May 10, 2001
BEIJING -- A woman who unsuccessfully battled China's bureaucracy to make police admit they tortured her mother to death has been sent without trial to three years in a labor camp, in another sign of the government's intensifying efforts to suppress the Falun Gong spiritual movement.
Police in the eastern city of Weifang ordered Zhang Xueling's punishment on April 24, sending her to the Wang Village labor camp in the nearby city of Zibo, according to a Falun Gong spokeswoman in New York and the Hong Kong-based Information Center for Human Rights and Democracy. The Hong Kong group said Wednesday that she was accused of "using a [term omitted] to undermine the implementation of law" -- a vague, catchall charge that has been frequently used against Falun Gong followers to send them to labor camps.
Reports of Ms. Zhang's imprisonment couldn't be independently confirmed. Police and labor camp officers refused to comment, and Ms. Zhang's family members couldn't be contacted by telephone. But her fate fits the pattern of an increasingly vigorous government campaign to wipe out the group by coercing followers to renounce their beliefs and jailing those who won't.
Ms. Zhang's mother, Chen Zixiu, was an ardent Falun Gong follower who was detained twice for trying to protest the ban on the group that the government imposed in July 1999. During her second detention, in February of last year, fellow inmates and family members said police beat the 58-year-old woman to death as they tried to force her to recant. Police denied the mistreatment and said Ms. Chen died from natural causes.

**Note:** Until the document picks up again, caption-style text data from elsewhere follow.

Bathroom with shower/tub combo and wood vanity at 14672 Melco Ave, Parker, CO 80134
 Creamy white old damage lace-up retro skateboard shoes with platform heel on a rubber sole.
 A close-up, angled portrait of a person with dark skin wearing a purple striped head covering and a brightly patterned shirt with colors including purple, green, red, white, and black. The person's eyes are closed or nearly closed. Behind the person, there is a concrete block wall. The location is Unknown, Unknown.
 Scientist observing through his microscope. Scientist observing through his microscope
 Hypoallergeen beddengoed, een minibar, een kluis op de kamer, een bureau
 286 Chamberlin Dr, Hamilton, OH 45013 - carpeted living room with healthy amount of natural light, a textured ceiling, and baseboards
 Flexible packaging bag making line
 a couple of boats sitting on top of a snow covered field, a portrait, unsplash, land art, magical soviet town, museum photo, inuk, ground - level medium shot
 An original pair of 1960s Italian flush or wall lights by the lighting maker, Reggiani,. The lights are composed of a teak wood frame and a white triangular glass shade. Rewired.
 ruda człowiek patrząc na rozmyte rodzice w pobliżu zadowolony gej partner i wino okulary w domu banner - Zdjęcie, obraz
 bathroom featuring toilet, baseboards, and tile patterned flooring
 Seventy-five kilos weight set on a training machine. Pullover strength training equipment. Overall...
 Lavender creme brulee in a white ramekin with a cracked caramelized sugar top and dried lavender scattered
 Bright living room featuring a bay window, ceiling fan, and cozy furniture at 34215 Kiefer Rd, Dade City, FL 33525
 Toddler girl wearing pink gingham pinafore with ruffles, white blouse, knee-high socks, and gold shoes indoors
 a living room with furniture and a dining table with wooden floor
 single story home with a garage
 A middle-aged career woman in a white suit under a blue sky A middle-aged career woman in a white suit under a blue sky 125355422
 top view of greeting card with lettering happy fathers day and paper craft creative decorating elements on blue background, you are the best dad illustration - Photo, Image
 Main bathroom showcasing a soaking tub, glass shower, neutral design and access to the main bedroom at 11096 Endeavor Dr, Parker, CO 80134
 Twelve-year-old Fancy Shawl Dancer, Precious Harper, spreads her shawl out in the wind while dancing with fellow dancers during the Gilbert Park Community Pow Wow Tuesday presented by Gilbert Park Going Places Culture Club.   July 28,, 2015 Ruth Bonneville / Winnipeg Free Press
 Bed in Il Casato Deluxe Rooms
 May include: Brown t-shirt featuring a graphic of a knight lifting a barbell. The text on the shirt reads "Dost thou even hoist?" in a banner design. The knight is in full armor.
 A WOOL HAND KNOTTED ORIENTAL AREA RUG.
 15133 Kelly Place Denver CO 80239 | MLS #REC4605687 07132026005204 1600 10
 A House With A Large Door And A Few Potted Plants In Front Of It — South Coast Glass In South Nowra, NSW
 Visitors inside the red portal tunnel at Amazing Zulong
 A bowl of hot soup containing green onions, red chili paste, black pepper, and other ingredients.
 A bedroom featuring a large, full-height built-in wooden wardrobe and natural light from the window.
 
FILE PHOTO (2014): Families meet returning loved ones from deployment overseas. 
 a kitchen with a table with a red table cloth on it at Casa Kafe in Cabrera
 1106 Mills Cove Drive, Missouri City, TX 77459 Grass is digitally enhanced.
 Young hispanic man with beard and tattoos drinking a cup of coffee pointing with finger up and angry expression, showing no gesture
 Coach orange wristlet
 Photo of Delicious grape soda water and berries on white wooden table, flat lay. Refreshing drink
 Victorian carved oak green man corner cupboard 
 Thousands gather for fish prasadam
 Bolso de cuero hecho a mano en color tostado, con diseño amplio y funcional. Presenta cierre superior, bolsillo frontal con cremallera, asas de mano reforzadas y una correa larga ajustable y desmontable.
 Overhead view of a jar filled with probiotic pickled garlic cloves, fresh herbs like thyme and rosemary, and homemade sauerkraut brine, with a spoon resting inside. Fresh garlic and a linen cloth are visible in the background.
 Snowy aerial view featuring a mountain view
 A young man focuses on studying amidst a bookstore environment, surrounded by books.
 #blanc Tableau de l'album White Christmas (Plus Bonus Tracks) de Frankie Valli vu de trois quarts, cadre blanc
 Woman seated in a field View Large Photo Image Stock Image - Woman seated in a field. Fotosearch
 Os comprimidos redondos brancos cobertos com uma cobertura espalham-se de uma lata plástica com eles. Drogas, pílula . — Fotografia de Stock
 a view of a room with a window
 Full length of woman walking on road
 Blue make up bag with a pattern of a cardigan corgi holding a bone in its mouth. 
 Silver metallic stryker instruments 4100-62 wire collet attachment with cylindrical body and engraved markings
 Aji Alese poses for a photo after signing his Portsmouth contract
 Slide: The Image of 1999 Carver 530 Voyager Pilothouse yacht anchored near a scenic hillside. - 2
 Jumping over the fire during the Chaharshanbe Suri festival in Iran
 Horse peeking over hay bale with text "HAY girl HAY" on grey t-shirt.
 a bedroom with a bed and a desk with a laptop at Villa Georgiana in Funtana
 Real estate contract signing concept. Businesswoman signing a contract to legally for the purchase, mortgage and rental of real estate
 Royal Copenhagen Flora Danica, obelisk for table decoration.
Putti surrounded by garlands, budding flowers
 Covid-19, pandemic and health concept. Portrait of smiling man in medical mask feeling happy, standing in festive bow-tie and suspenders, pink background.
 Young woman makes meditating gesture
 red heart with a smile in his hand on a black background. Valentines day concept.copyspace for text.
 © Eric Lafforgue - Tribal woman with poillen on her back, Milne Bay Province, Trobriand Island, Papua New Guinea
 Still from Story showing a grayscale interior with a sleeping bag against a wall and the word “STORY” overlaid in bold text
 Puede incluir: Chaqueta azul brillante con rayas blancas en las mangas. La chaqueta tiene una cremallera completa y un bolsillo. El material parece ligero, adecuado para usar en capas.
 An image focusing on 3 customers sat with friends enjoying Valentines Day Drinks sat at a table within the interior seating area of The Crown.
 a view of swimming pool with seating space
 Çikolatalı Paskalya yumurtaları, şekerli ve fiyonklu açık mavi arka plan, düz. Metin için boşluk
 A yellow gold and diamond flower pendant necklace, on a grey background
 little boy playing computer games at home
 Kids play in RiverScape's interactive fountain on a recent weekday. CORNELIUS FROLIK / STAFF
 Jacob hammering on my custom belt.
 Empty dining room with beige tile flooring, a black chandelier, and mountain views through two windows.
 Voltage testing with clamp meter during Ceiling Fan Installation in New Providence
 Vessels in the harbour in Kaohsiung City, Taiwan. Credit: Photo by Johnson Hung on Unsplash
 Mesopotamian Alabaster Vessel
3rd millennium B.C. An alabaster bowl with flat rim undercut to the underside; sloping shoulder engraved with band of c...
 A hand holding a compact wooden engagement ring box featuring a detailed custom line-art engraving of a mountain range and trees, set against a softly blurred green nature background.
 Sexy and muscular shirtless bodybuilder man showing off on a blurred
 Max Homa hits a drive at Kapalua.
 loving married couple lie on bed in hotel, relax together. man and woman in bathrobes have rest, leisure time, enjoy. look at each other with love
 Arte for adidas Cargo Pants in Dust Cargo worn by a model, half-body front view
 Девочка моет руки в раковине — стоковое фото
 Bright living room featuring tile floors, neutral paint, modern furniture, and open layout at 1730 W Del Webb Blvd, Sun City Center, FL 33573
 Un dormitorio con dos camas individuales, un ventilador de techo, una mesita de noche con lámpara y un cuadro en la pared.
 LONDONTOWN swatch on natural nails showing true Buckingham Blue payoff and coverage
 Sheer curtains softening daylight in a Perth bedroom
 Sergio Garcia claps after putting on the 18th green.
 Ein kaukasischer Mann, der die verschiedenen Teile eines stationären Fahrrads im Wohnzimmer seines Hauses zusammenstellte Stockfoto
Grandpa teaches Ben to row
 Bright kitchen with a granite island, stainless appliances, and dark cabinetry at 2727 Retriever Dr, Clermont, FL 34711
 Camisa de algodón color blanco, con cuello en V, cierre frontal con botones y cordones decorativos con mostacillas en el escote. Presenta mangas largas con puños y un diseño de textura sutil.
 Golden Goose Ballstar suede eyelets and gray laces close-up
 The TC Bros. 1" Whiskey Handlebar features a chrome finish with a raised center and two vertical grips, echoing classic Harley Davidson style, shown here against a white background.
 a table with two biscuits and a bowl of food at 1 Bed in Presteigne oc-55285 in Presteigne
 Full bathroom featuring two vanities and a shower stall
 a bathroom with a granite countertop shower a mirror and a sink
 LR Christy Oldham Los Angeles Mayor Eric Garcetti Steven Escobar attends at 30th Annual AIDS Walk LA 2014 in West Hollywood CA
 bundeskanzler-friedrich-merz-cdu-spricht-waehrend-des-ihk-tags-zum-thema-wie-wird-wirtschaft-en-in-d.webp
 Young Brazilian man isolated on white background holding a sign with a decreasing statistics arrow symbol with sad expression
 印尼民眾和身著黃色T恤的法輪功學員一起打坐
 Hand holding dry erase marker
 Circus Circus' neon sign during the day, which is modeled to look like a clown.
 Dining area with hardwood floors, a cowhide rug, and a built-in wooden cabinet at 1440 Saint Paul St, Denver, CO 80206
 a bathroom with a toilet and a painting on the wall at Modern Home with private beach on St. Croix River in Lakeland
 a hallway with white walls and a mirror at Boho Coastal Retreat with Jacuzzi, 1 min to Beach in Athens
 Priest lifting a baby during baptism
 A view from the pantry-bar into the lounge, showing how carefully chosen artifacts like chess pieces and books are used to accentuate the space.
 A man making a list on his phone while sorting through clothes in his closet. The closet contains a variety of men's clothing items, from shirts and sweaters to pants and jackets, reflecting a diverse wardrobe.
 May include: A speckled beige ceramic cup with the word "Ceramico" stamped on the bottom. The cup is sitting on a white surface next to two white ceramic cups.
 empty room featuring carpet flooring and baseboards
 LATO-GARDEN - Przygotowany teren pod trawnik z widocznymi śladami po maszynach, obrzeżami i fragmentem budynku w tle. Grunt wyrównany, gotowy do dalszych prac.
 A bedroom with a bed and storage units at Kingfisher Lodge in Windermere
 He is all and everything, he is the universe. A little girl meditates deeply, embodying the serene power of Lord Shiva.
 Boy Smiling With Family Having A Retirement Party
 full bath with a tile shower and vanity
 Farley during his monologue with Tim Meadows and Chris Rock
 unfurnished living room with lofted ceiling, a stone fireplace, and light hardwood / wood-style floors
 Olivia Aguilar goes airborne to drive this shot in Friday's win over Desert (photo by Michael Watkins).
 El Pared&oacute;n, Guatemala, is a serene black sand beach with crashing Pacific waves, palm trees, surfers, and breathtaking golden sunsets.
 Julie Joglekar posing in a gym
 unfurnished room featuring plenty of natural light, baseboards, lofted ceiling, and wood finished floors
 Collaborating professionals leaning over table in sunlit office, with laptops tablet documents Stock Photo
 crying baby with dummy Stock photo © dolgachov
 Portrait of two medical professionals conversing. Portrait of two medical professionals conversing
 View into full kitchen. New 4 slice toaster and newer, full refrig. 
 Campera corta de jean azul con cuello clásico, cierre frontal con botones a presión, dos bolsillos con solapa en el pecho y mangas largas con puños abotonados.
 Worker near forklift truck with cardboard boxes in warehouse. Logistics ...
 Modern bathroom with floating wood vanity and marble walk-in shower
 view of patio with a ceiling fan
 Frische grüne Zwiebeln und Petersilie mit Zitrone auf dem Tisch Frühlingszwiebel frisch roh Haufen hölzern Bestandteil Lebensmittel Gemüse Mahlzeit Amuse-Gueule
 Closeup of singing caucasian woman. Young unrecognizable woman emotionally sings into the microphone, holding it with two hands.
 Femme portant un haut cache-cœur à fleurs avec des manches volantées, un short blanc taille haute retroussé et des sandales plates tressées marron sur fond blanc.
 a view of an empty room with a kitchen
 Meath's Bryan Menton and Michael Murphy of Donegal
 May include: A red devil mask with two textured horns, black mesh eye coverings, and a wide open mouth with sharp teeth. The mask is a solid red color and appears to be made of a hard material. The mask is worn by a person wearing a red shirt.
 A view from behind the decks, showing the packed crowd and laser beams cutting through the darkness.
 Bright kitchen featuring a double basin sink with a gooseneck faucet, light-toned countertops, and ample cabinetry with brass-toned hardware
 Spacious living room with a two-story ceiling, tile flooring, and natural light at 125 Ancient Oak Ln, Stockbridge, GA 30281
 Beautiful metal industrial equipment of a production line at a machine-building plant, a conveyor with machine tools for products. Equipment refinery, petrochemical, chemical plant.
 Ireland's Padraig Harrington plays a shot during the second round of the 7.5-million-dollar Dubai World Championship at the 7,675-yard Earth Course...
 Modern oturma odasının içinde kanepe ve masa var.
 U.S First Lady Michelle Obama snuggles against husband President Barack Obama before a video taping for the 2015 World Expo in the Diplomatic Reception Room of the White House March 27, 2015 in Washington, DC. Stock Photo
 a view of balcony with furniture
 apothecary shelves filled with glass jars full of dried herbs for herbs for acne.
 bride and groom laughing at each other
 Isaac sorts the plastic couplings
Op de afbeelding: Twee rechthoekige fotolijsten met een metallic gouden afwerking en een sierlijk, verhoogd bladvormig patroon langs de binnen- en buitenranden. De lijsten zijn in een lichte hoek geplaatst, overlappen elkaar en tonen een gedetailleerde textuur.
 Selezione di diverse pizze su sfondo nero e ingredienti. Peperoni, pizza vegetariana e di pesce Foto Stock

Initially supportive of the ban, Ms. Zhang grew doubtful about the government's crackdown in its first few months. After her mother's death, she repeatedly -- and unsuccessfully -- petitioned the police and government to issue a death certificate. Along the way, Ms. Zhang drew support from Falun Gong followers and became a practitioner herself. Ms. Chen's death and her daughter's quest for justice were chronicled by The Asian Wall Street Journal in a series of articles that won a Pulitzer Prize for international reporting in the U.S. last month.